Collected data entries:
= = =
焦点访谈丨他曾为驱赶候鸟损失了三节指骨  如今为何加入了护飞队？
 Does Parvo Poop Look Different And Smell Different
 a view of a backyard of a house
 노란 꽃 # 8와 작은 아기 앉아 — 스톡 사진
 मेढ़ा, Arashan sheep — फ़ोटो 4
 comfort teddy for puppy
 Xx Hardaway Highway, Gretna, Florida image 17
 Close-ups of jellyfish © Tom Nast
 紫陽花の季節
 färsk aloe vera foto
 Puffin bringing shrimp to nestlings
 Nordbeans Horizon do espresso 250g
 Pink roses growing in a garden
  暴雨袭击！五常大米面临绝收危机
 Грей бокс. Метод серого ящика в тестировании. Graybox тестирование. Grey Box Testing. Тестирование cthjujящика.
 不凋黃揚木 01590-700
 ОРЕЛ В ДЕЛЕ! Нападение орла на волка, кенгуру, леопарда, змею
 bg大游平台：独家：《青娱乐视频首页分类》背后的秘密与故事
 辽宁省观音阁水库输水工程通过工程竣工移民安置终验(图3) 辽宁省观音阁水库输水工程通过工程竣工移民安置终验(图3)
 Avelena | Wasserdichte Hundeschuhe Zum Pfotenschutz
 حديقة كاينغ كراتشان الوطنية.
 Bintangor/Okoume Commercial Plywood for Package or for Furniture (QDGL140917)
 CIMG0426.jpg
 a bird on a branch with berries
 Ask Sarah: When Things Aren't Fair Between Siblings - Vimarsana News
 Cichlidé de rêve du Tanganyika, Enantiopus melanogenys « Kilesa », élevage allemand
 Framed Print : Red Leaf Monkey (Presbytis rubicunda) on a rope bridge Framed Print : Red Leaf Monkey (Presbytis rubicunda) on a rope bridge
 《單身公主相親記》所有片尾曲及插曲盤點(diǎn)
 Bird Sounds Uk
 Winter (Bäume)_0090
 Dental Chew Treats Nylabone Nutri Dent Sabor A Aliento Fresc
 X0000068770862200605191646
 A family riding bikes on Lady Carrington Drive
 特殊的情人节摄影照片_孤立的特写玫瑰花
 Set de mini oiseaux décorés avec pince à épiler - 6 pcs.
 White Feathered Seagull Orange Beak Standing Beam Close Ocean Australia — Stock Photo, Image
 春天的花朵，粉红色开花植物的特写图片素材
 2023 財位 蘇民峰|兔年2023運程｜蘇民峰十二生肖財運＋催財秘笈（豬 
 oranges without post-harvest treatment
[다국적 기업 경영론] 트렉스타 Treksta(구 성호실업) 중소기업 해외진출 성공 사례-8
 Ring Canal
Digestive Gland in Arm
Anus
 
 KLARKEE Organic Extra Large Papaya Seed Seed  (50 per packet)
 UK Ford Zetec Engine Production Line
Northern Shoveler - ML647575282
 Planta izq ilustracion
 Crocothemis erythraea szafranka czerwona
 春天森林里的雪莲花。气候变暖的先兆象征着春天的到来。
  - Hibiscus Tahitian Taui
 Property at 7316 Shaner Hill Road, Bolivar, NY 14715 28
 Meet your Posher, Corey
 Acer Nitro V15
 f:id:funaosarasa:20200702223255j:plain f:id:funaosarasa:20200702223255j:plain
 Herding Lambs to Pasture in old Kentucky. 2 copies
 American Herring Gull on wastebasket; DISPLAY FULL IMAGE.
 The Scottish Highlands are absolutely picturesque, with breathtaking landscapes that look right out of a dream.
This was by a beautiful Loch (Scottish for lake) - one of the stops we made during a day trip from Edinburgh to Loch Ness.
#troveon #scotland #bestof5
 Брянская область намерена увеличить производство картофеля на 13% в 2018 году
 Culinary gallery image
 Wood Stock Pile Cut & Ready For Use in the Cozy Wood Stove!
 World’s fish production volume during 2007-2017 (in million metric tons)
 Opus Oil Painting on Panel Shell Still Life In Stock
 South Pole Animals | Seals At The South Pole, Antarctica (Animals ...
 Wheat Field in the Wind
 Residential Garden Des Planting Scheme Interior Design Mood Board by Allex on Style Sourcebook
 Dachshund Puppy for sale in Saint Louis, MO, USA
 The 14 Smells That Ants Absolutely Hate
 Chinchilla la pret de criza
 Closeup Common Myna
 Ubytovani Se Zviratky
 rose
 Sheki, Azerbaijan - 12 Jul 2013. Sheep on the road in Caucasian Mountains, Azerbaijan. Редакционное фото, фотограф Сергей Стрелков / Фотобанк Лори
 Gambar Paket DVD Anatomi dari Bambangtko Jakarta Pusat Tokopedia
= = =
Exercise brief:
Write all the entries again precisely as they were given.

Exercise result:
焦点访谈丨他曾为驱赶候鸟损失了三节指骨  如今为何加入了护飞队？
 Does Parvo Poop Look Different And Smell Different
 a view of a backyard of a house
 노란 꽃 # 8와 작은 아기 앉아 — 스톡 사진
 मेढ़ा, Arashan sheep — फ़ोटो 4
 comfort teddy for puppy
 Xx Hardaway Highway, Gretna, Florida image 17
 Close-ups of jellyfish © Tom Nast
 紫陽花の季節
 färsk aloe vera foto
 Puffin bringing shrimp to nestlings
 Nordbeans Horizon do espresso 250g
 Pink roses growing in a garden
  暴雨袭击！五常大米面临绝收危机
 Грей бокс. Метод серого ящика в тестировании. Graybox тестирование. Grey Box Testing. Тестирование cthjujящика.
 不凋黃揚木 01590-700
 ОРЕЛ В ДЕЛЕ! Нападение орла на волка, кенгуру, леопарда, змею
 bg大游平台：独家：《青娱乐视频首页分类》背后的秘密与故事
 辽宁省观音阁水库输水工程通过工程竣工移民安置终验(图3) 辽宁省观音阁水库输水工程通过工程竣工移民安置终验(图3)
 Avelena | Wasserdichte Hundeschuhe Zum Pfotenschutz
 حديقة كاينغ كراتشان الوطنية.
 Bintangor/Okoume Commercial Plywood for Package or for Furniture (QDGL140917)
 CIMG0426.jpg
 a bird on a branch with berries
 Ask Sarah: When Things Aren't Fair Between Siblings - Vimarsana News
 Cichlidé de rêve du Tanganyika, Enantiopus melanogenys « Kilesa », élevage allemand
 Framed Print : Red Leaf Monkey (Presbytis rubicunda) on a rope bridge Framed Print : Red Leaf Monkey (Presbytis rubicunda) on a rope bridge
 《單身公主相親記》所有片尾曲及插曲盤點(diǎn)
 Bird Sounds Uk
 Winter (Bäume)_0090
 Dental Chew Treats Nylabone Nutri Dent Sabor A Aliento Fresc
 X0000068770862200605191646
 A family riding bikes on Lady Carrington Drive
 特殊的情人节摄影照片_孤立的特写玫瑰花
 Set de mini oiseaux décorés avec pince à épiler - 6 pcs.
 White Feathered Seagull Orange Beak Standing Beam Close Ocean Australia — Stock Photo, Image
 春天的花朵，粉红色开花植物的特写图片素材
 2023 財位 蘇民峰|兔年2023運程｜蘇民峰十二生肖財運＋催財秘笈（豬 
 oranges without post-harvest treatment
[다국적 기업 경영론] 트렉스타 Treksta(구 성호실업) 중소기업 해외진출 성공 사례-8
 Ring Canal
Digestive Gland in Arm
Anus
 
 KLARKEE Organic Extra Large Papaya Seed Seed  (50 per packet)
 UK Ford Zetec Engine Production Line
Northern Shoveler - ML647575282
 Planta izq ilustracion
 Crocothemis erythraea szafranka czerwona
 春天森林里的雪莲花。气候变暖的先兆象征着春天的到来。
  - Hibiscus Tahitian Taui
 Property at 7316 Shaner Hill Road, Bolivar, NY 14715 28
 Meet your Posher, Corey
 Acer Nitro V15
 f:id:funaosarasa:20200702223255j:plain f:id:funaosarasa:20200702223255j:plain
 Herding Lambs to Pasture in old Kentucky. 2 copies
 American Herring Gull on wastebasket; DISPLAY FULL IMAGE.
 The Scottish Highlands are absolutely picturesque, with breathtaking landscapes that look right out of a dream.
This was by a beautiful Loch (Scottish for lake) - one of the stops we made during a day trip from Edinburgh to Loch Ness.
#troveon #scotland #bestof5
 Брянская область намерена увеличить производство картофеля на 13% в 2018 году
 Culinary gallery image
 Wood Stock Pile Cut & Ready For Use in the Cozy Wood Stove!
 World’s fish production volume during 2007-2017 (in million metric tons)
 Opus Oil Painting on Panel Shell Still Life In Stock
 South Pole Animals | Seals At The South Pole, Antarctica (Animals ...
 Wheat Field in the Wind
 Residential Garden Des Planting Scheme Interior Design Mood Board by Allex on Style Sourcebook
 Dachshund Puppy for sale in Saint Louis, MO, USA
 The 14 Smells That Ants Absolutely Hate
 Chinchilla la pret de criza
 Closeup Common Myna
 Ubytovani Se Zviratky
 rose
 Sheki, Azerbaijan - 12 Jul 2013. Sheep on the road in Caucasian Mountains, Azerbaijan. Редакционное фото, фотограф Сергей Стрелков / Фотобанк Лори
 Gambar Paket DVD Anatomi dari Bambangtko Jakarta Pusat Tokopedia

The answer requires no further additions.